## Data extract
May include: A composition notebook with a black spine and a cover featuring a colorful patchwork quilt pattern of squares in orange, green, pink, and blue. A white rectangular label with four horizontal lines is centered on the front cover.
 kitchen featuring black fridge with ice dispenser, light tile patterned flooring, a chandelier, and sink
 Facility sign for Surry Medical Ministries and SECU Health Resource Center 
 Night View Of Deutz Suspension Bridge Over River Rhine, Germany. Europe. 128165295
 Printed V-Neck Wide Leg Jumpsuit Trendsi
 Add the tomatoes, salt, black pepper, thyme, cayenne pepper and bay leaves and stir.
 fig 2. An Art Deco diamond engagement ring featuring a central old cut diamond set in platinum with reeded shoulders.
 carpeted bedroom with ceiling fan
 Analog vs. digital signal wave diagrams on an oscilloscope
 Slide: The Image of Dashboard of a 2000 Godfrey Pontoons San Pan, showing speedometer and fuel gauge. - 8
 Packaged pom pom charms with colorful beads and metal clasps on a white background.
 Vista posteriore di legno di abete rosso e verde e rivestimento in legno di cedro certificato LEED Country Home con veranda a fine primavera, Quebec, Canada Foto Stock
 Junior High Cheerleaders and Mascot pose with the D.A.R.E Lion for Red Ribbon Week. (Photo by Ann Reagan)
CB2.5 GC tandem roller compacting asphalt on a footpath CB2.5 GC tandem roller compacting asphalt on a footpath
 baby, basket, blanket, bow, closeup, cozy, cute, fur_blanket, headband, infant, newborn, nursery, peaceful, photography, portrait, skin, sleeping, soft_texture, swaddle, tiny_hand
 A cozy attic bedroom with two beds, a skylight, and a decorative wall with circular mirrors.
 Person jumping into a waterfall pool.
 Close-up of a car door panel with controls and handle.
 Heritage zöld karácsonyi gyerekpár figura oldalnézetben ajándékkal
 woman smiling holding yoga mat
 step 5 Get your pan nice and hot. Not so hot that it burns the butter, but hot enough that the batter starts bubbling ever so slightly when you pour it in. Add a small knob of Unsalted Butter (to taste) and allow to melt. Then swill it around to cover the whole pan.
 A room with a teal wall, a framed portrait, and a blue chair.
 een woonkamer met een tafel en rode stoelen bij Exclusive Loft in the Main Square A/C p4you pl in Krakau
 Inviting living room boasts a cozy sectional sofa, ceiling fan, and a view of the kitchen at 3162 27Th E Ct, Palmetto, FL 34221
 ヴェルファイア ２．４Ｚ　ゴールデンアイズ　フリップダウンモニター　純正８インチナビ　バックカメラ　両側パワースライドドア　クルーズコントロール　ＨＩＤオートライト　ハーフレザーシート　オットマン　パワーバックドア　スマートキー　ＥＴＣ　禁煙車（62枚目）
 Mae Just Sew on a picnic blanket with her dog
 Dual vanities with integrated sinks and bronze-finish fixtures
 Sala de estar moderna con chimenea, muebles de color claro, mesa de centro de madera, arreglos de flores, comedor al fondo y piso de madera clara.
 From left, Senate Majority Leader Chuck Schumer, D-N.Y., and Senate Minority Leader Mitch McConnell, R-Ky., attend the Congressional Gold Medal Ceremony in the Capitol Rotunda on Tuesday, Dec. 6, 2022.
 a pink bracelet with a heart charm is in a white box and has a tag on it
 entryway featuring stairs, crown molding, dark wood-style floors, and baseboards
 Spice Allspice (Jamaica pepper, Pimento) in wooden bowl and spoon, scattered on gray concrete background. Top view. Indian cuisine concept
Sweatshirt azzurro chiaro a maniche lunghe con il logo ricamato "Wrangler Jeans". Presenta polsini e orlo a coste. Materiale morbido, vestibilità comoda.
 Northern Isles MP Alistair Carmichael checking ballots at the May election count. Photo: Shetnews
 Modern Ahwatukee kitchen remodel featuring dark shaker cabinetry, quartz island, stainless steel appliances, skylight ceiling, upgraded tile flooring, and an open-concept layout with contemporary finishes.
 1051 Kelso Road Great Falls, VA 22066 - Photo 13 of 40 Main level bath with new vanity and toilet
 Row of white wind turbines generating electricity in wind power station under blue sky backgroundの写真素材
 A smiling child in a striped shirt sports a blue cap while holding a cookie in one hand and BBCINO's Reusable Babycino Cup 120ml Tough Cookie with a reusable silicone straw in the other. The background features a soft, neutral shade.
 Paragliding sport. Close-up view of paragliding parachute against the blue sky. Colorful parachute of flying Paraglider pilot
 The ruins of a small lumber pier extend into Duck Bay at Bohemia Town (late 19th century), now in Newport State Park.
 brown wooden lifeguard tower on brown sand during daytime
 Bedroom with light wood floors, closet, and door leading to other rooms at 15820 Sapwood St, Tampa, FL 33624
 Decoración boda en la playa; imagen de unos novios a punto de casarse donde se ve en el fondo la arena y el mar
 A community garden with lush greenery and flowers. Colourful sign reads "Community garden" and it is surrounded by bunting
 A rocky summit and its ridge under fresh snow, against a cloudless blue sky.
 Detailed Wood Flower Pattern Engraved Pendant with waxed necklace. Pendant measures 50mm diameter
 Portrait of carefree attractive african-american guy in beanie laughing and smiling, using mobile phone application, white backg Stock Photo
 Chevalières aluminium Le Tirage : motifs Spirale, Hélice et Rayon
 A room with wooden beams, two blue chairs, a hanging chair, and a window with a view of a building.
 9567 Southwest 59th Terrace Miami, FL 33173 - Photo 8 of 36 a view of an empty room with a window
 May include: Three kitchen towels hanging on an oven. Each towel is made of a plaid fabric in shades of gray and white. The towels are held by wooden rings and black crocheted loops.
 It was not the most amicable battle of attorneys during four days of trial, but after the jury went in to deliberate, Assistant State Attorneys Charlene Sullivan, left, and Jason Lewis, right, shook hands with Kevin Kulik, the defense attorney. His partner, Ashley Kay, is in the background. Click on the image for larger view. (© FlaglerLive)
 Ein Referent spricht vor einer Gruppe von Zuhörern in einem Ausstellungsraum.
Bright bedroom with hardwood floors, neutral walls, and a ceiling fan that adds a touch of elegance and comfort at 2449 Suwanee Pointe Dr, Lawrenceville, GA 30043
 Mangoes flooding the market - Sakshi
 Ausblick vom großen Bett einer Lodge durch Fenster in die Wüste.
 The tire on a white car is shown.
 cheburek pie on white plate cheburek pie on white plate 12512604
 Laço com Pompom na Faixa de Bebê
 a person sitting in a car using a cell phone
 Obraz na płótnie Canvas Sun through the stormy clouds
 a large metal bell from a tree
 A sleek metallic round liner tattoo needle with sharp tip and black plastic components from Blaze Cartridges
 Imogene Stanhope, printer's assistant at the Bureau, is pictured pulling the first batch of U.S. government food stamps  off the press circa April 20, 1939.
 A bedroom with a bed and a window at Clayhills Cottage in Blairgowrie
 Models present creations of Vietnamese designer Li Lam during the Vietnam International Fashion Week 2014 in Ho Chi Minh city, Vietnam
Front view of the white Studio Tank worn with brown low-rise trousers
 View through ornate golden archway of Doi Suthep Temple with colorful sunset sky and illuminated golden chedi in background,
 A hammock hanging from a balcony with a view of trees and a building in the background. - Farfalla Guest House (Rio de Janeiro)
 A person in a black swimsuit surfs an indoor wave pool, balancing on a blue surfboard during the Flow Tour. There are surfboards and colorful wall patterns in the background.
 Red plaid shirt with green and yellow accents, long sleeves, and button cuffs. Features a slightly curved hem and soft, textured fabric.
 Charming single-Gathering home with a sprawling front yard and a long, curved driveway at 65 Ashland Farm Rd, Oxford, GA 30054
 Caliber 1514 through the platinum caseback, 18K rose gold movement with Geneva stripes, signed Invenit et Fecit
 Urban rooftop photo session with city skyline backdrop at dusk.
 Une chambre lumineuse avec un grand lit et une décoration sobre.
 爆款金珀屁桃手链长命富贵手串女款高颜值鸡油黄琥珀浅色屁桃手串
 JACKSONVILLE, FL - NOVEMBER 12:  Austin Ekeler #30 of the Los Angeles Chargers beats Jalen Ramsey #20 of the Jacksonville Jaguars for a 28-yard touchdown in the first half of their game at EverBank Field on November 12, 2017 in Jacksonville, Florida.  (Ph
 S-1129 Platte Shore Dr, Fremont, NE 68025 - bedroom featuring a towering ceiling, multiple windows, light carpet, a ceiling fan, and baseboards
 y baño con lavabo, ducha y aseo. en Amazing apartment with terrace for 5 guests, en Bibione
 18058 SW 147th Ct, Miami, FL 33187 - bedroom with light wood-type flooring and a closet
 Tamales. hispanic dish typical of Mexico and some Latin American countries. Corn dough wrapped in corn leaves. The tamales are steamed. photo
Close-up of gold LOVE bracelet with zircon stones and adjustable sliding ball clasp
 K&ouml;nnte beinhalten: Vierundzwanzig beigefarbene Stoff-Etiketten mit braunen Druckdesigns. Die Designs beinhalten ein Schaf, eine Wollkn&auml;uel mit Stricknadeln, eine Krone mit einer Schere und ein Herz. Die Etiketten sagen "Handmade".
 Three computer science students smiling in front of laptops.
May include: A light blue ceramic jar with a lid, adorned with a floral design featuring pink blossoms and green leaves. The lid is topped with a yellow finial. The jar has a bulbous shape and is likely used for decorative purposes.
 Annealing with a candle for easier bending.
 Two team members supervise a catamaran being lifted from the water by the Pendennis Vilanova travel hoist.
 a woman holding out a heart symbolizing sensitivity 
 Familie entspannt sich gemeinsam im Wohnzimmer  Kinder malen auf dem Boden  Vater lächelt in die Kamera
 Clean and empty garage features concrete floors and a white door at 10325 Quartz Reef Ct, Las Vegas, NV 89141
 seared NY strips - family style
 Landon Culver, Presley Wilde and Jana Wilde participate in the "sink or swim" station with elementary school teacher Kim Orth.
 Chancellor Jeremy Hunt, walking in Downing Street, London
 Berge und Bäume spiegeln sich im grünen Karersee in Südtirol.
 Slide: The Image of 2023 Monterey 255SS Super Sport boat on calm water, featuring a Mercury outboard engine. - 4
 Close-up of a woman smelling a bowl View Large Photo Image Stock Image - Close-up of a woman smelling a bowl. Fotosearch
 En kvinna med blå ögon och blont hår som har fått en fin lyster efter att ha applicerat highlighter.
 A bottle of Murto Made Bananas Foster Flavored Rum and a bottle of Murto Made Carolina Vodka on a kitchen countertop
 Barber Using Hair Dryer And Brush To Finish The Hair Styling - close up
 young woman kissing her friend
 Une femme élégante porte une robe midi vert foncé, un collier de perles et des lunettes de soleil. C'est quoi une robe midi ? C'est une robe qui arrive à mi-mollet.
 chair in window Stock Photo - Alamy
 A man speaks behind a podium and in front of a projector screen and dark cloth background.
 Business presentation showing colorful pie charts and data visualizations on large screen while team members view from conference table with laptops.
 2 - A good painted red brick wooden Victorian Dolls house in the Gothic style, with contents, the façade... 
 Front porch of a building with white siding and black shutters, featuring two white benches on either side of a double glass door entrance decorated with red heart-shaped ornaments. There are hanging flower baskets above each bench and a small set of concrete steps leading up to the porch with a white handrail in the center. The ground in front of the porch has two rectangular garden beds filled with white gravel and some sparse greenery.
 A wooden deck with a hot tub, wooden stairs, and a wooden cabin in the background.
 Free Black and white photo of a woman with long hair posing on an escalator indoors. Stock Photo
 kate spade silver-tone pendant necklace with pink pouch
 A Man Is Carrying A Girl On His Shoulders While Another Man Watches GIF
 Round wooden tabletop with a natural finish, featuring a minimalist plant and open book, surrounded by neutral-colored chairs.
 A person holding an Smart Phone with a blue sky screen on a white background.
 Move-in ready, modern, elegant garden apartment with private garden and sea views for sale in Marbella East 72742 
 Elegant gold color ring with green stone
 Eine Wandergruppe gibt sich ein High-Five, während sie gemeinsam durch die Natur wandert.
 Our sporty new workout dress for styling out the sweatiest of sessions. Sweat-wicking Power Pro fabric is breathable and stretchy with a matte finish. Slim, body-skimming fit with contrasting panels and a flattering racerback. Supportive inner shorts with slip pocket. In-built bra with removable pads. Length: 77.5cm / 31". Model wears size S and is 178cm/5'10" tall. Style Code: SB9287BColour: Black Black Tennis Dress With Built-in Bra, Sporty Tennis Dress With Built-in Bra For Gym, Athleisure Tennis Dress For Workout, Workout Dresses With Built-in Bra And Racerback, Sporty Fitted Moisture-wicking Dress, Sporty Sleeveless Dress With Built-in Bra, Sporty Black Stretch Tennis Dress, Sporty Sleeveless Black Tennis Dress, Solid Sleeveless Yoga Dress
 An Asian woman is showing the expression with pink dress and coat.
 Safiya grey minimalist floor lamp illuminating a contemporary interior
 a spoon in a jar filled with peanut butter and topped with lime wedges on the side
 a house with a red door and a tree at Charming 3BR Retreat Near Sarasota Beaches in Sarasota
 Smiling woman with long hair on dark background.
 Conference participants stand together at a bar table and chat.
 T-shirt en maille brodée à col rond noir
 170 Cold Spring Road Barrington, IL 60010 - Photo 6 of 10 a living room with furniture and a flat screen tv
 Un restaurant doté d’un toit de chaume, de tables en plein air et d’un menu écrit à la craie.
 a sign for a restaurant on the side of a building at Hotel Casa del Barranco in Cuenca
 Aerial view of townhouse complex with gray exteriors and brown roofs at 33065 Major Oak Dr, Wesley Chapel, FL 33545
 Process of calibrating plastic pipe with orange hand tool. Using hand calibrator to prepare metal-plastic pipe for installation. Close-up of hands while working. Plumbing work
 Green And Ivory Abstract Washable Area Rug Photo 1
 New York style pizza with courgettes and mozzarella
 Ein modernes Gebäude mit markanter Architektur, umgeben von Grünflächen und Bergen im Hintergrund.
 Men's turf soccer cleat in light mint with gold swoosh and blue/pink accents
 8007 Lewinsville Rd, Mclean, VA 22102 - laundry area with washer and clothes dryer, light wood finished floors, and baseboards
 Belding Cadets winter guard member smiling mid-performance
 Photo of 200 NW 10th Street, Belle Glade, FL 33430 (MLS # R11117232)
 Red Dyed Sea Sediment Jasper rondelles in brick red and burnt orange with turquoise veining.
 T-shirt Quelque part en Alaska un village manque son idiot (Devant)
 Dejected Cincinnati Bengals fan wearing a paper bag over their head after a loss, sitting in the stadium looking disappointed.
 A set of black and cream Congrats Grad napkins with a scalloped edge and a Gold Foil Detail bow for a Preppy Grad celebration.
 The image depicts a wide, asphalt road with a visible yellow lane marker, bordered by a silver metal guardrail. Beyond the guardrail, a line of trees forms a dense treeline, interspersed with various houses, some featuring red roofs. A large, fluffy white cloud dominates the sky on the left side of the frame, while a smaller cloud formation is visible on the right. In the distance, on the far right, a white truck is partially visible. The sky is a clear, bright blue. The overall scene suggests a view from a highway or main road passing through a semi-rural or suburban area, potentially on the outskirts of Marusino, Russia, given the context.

## Exercise goal
The number of lines above where the word "There" occurs, and only that number, is the answer.

## Solution to the exercise
2